Aber zurück zu unserem Essen. Wir hatten beschlossen Bratkartoffeln mit Rührei und Erbsen mit Karotten zu kochen. Und zum Nachtisch gab es Obstalat.
An dem Abend haben wir uns alle so dermaßen überfressen, da wir festgestellt haben, dass den Meisten von uns das deutsche Essen doch ganz schön fehlte. Wir waren uns (eingebildeterweise) einig, dass es das Beste war, was wir hier bisher gegessen hatten. Alles in allem ein sehr gelungenes Wochenende.

Leider hatte ich hier demletzt auch echt ein paar schlechte Erlebnisse. Ich ging wie gewöhnlich nach der Schule nach hause und wurde von allen möglichen bekannten aber meist jedoch unbekannten Personen begrüßt, als ein Mädchen, vielleicht 10 Jahre alt auf einem Fahrrad angefahren kam. Am Anfang war sie auch echt freundlich und hat mich nach meinem Namen gefragt, aber dann wurde sie zunehmend aufdringlich und fing an nach Geld zu fragen. Ich habe gesagt, dass ich keines habe, aber sie hat nur immer wieder gefragt, wieso ich ihr keines gebe. Jedenfalls wurde ich das ganze Leid und bin dann einfach weiter gelaufen. Aber sie ist mir gefolgt und hat immer wieder geschrien: „Anne give me money, give me money.“ Sie ist mir sogar bis zur Mauer um unser haus gefolgt. Ich schlüpfte durch das Tor und dachte mir: „Ein Glück, jetzt bist du sie los.“ , aber Pustekuchen. Die ist mir einfach gefolgt. Die Scheiben an den fenstern sind von außen verspiegelt, aber wenn man dicht genug seinen Kopf dagegen drückt kann man rein gucken. Und genau das hat das Mädchen an meinem Zimmerfenster gemacht. Und dann hat sie dagegen geklopft und immer weiter geschrien. Ich wusste mir nicht zu helfen, bis irgendwann Maria (das Hausmädchen), sie verscheucht hat.
Später, als ich mich auf dem Weg ins Children Centre machte, bog ich um eine Straßenecke und da stand ein junger Mann. er streckte mir die Hand zum Gruß entgegen und eigentlich wollte ich gar nicht einschlagen, da er schon etwas hämisch grinste. Aber ich habe ihm aus Höflichkeit dann doch die Hand gegeben. Jedenfalls hat er mich dann nicht mehr losgelassen, auch, als ich meine Hand ruckhaft weggezogen habe. Irgendwann habe ich mich dann mit aller Kraft dagegen gestemmt und erst dann hat er losgelassen. Er fand das alles furchtbar witzig, ich fand es einfach nur scheiße. Aber dagegen ist man halt machtlos.

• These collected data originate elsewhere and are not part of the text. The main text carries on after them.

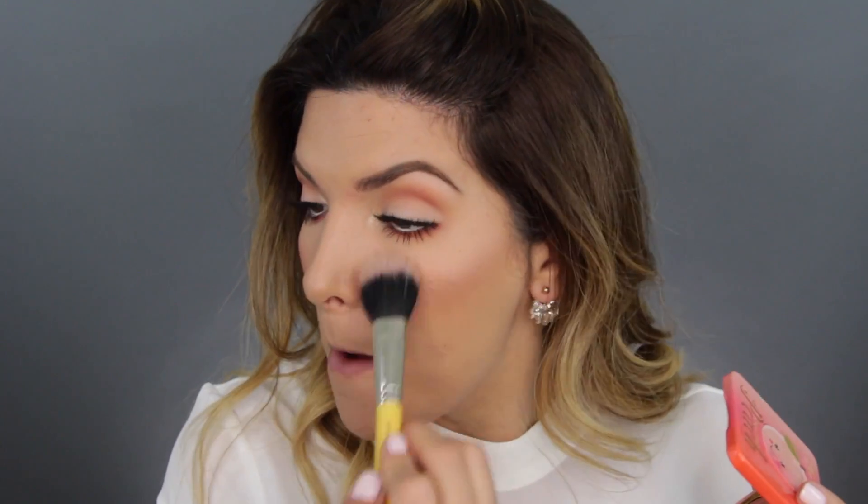For the blush, I'm gonna take Papa Don't Preach. I love blushes that have sheen to them, and this one does, so it's literally perfection. Now going in with the Sweet Peach Glow palette — it has little peaches on it, it's so bomb. I'm gonna go in with one of these colors and run it along the areas I want to bring forward and have look pop-tastic.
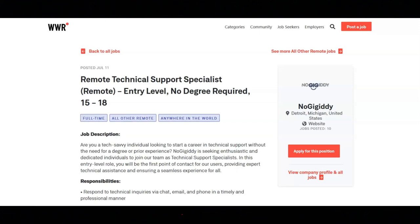Regarding the requirements for this job, they will provide comprehensive training. They want you to have strong technical aptitude and problem-solving abilities, excellent written and verbal communication skills, the ability to work independently and as part of a team, a reliable internet connection and a quiet workspace, and a positive attitude and a willingness to learn. This job comes with great benefits including competitive hourly pay of $15 to $18 an hour, a flexible work-from-home schedule, a comprehensive training program, opportunities for growth and advancement, a supportive team environment, and access to exclusive gig opportunities.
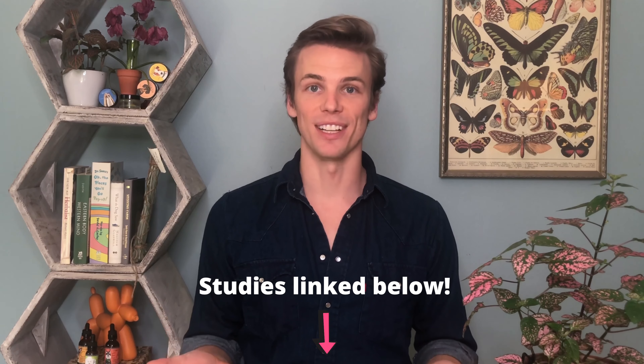Studies have shown that full-spectrum hemp extract is great for reducing excessive gastric acid, increasing blood flow to the stomach lining, and helping the lower esophagus prevent reflux. In addition, anxiety and stress have been reported as major causes of irregular bowel movements, making CBD a really great natural treatment.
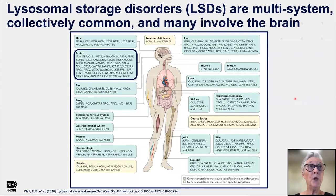Lysosomal storage disorders, of which GM1 is a part, are multi-system and collectively common disorders, and many of them involve the brain. Individually, GM1 is about 1 in 100,000 to 200,000 live births, but collectively, lysosomal storage disorders are about 1 in 5,000 births, so they're actually quite common, and about 70% of them involve the brain, as you can see on this illustration.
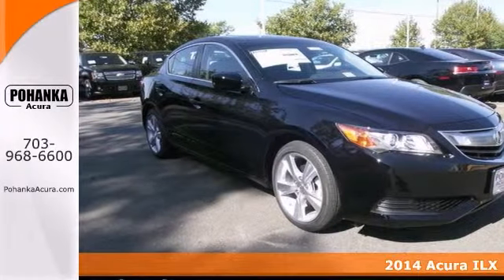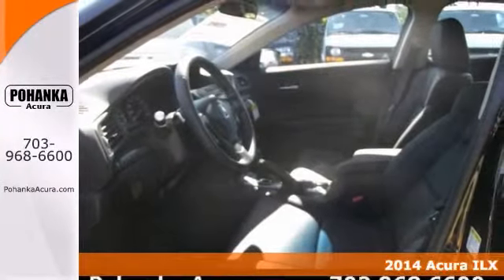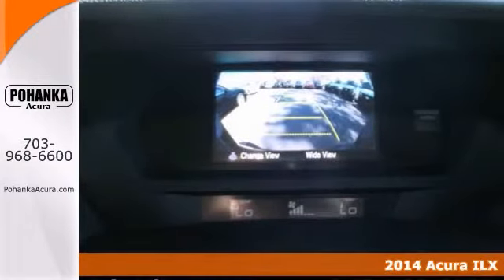Here's a 2014 Acura ILX. Don't wait another minute. Who could say no to a truly wonderful car like this superb ILX? When you say quality, Acura comes immediately to mind and this ILX is no exception.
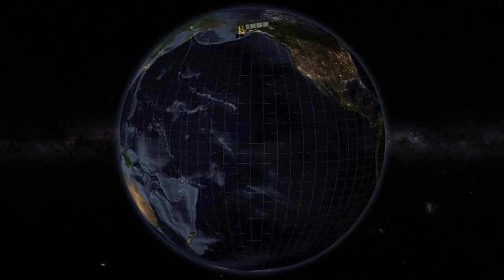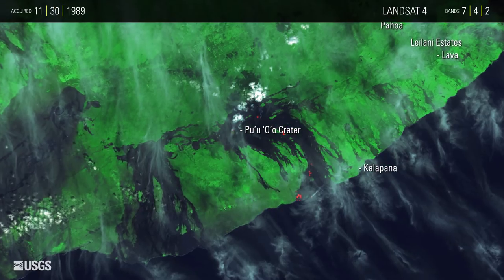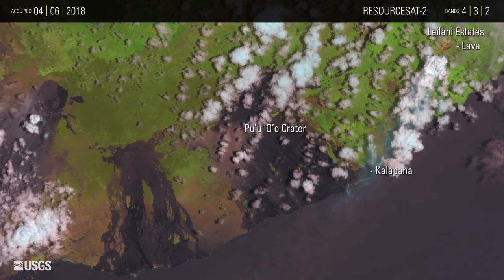New fissures opened up on Hawaii's Big Island in early May, spouting lava that destroyed homes. Landsat has been recording the lava flows since the eruption began in 1983. The most current image shown is from India's ResourceSat-2 satellite.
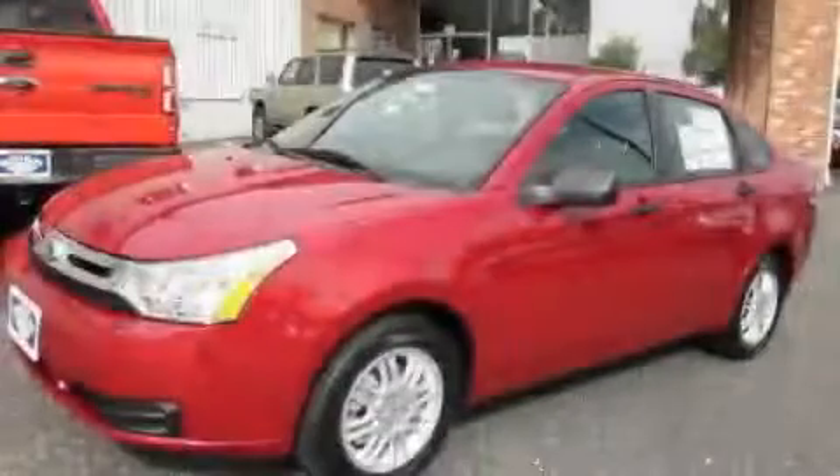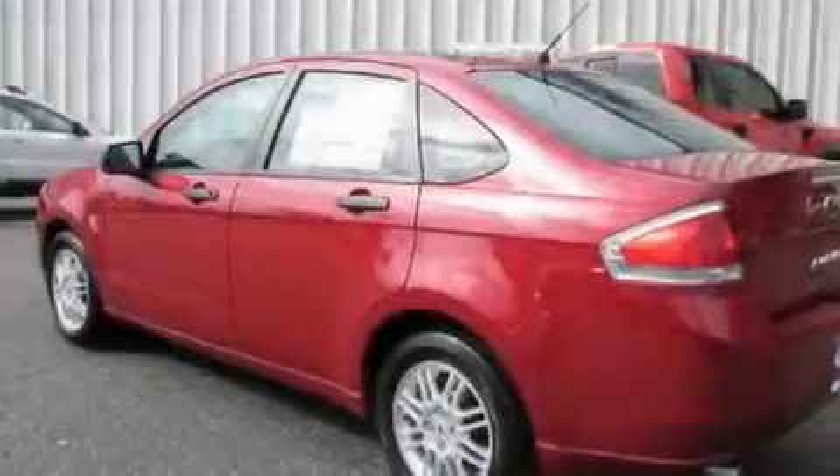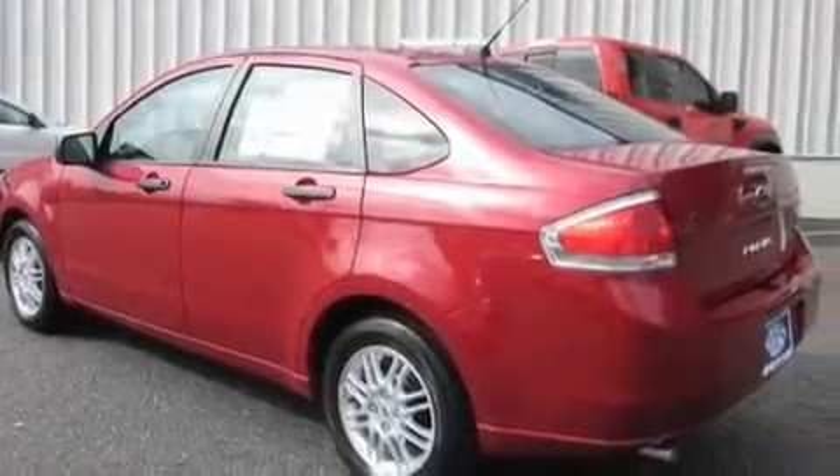This is a brand-new 2011 Ford Focus. It has a 2.0-liter four-cylinder engine and an automatic transmission.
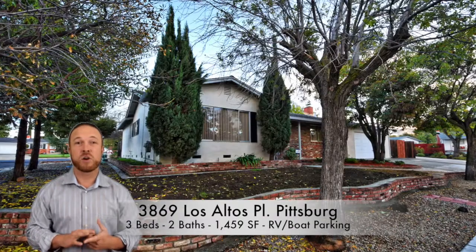3869 Los Altos Place in Pittsburgh. It's a corner lot on a quiet court street, tree-lined, with a large piece of land with this property.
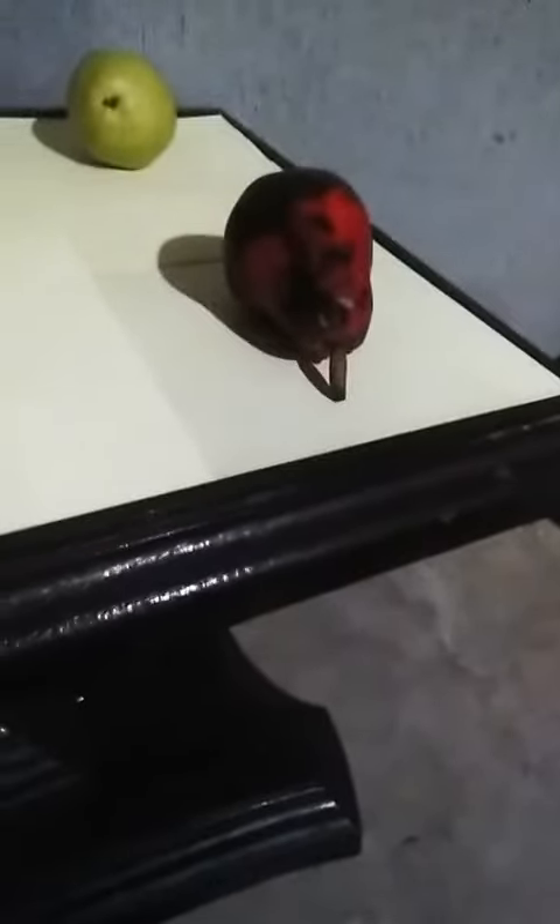Today we are focusing on the red Bartlett pear, most often seen in stores marketed simply as the Bartlett pear.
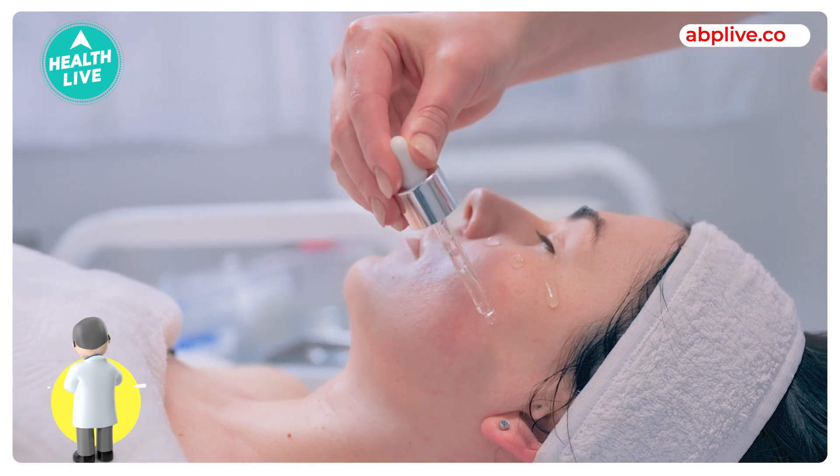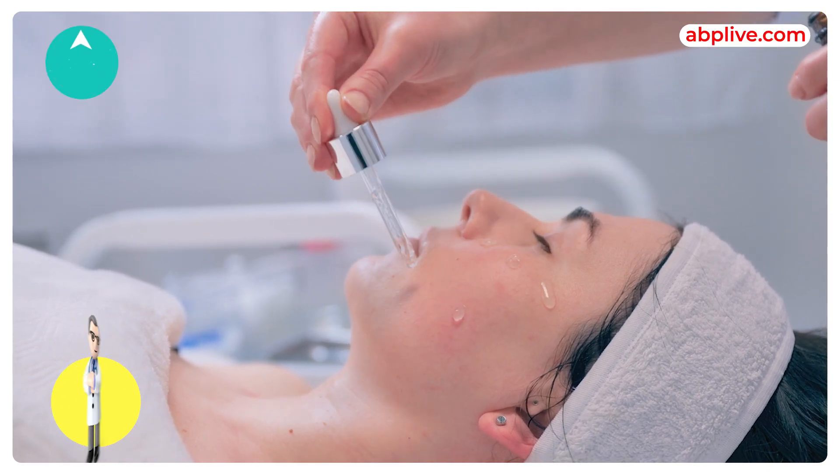Vitamin B3, or niacinamide, has properties to control your oil glands. Plus, it gives a very good glow to the skin. But if it's used on sensitive skin or dry skin, you can irritate it.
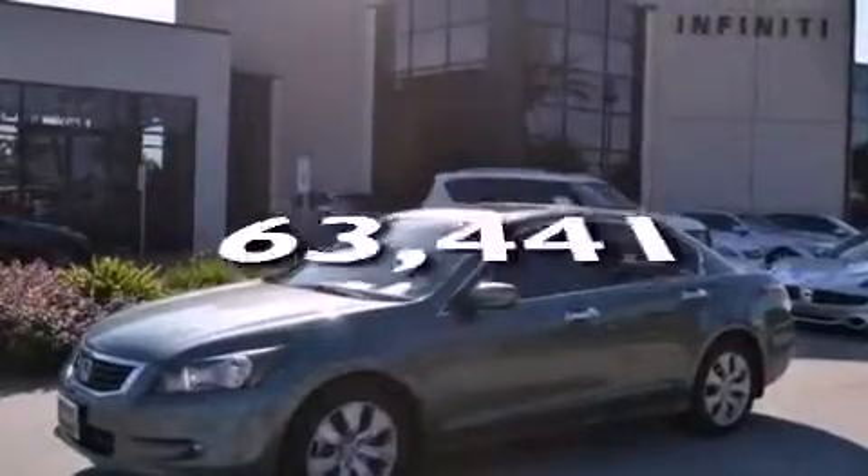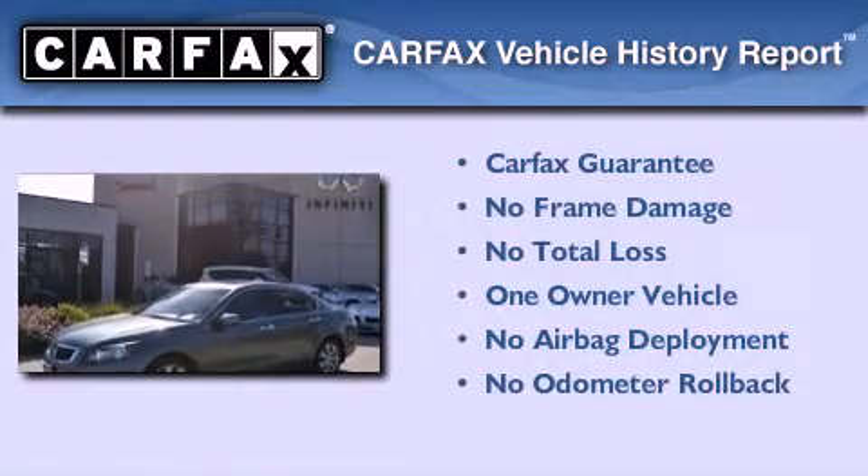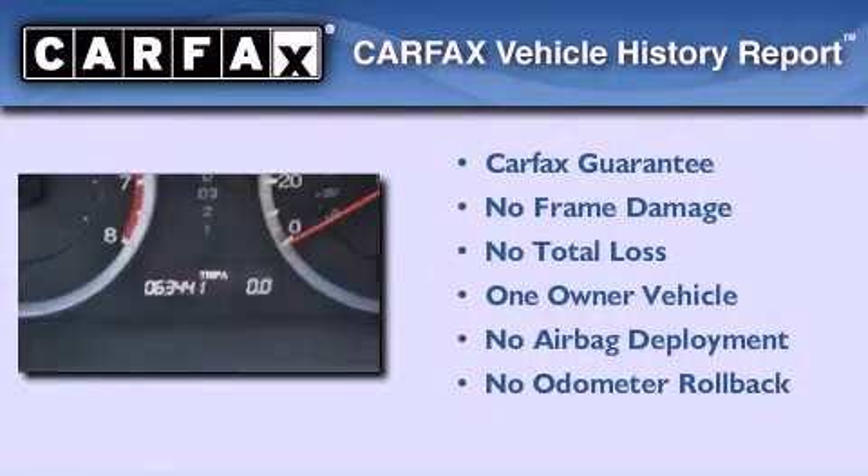This automobile has fewer than 64,000 miles on the odometer. This Honda has had only one owner and it qualifies for the Carfax buyback guarantee.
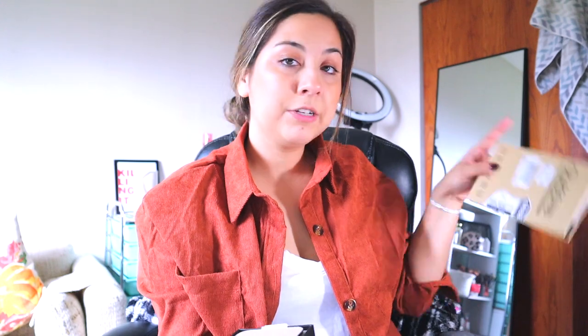Oh my goodness, how gorgeous is she! How beautiful is she! Oh my god, we love, we stan! I have the screen protectors here.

Nun aber wieder zu ein paar heiteren Ereignissen. Letzten Samstag bin ich mit meinem Gastpapa losgezogen, um ein Fahrrad für mich zu kaufen. Das war echt super, dass er mitgekommen ist, denn ohne ihn hätte ich zum einen viel viel mehr bezahlen müssen und zum anderen mich nicht entsprechend in Kiswahili ausdrücken können. Wir sind also Samstag vormittags nur mit einer Stunde Verspätung aufgebrochen. Wir wollten ein Bajaji in die Stadt nehmen und sind darum ans Ende unserer Straße gelaufen. 100 Meter weiter fahren ständig Bajajis vorbei, aber mein Gastpapa wollte, trotz meines Vorschlags noch etwas weiter zu laufen, genau an dieser Straßenecke warten. Gut ich will ehrlich sein, wir standen dort eine geschlagene halbe Stunde in der Mittagshitze und ich zweifelte etwas daran, ob das mit dem Fahrrad heute noch was werden würde. Schließlich wurde es auch meinem Gastpapa zu blöd und er rief kurzerhand einen Bajajifahrer auf dem Handy an, um ihm mitzuteilen, dass wir gerne abgeholt werden würden. 2 Minuten später war das Bajaji da und wir fuhren in die Stadt.
Dort gingen wir zu einem Radladen, um die Modelle zu begutachten.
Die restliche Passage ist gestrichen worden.